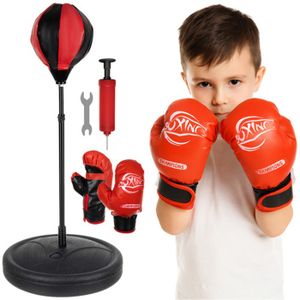 Punching Ball enfant Cdiscount Jeux Jouets Page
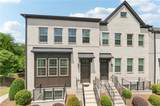 4700 Highside Way - Photo 2
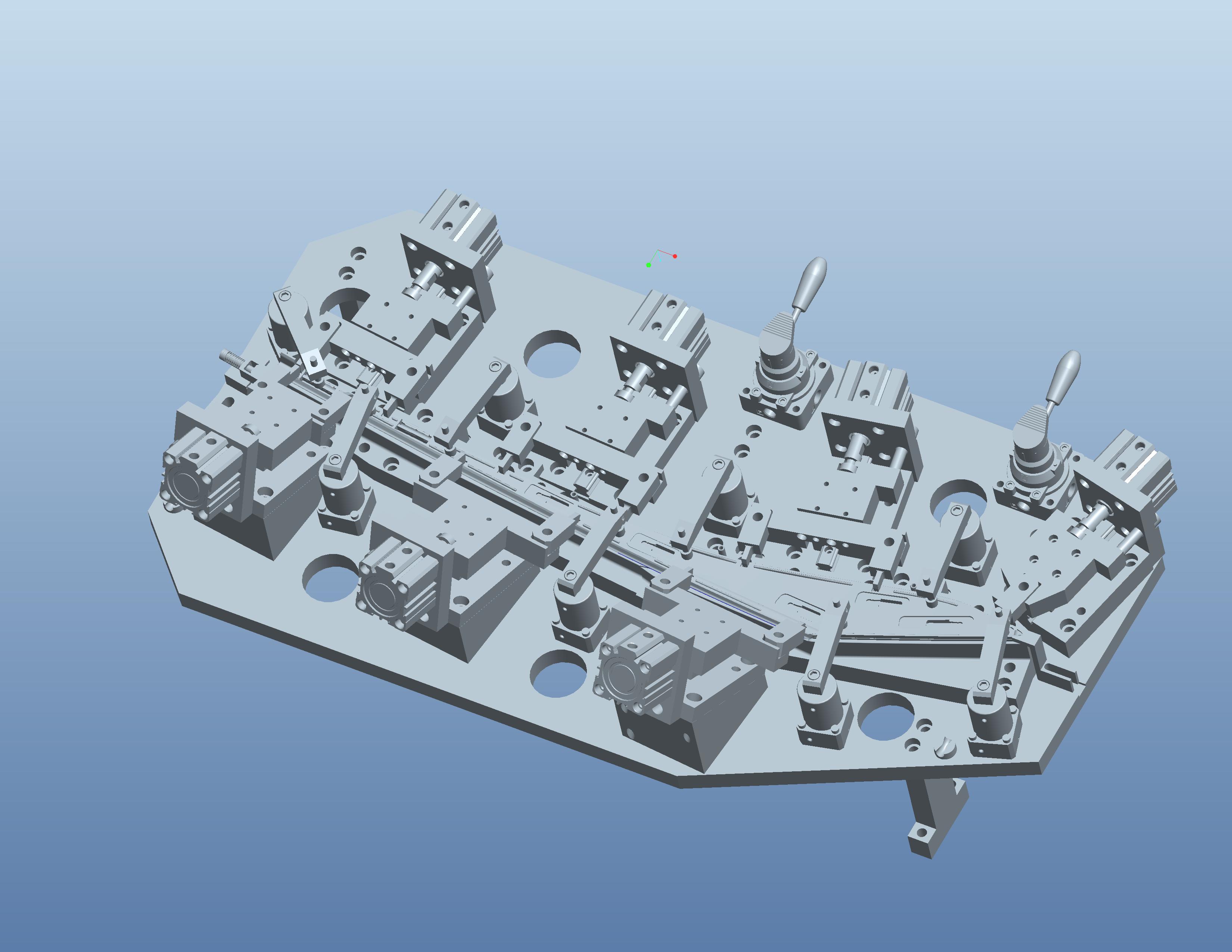 ����ӵ���܇���P�l��צ���Ϲ��b��STP)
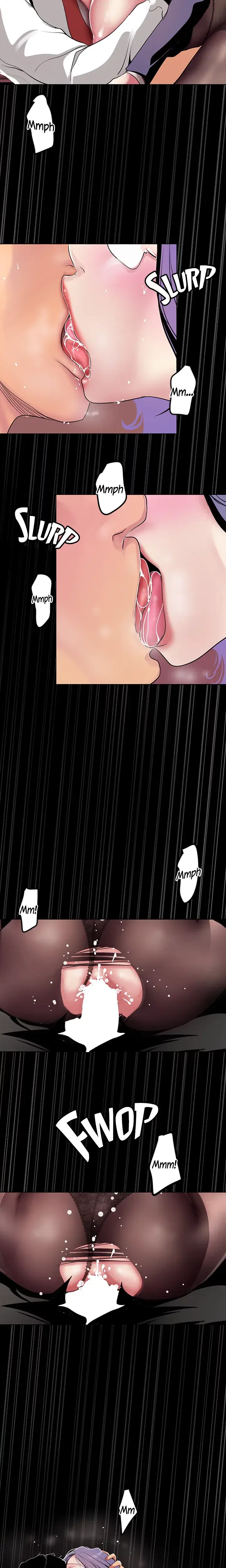 Brave New World Chapter 26 - Page 9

▸ **Action item**:
A word-for-word restatement of all the lines above is needed, with the pictures omitted.

▸ **Output of the exercise**:
 Punching Ball enfant Cdiscount Jeux Jouets Page
 4700 Highside Way - Photo 2
 ����ӵ���܇���P�l��צ���Ϲ��b��STP)
 Brave New World Chapter 26 - Page 9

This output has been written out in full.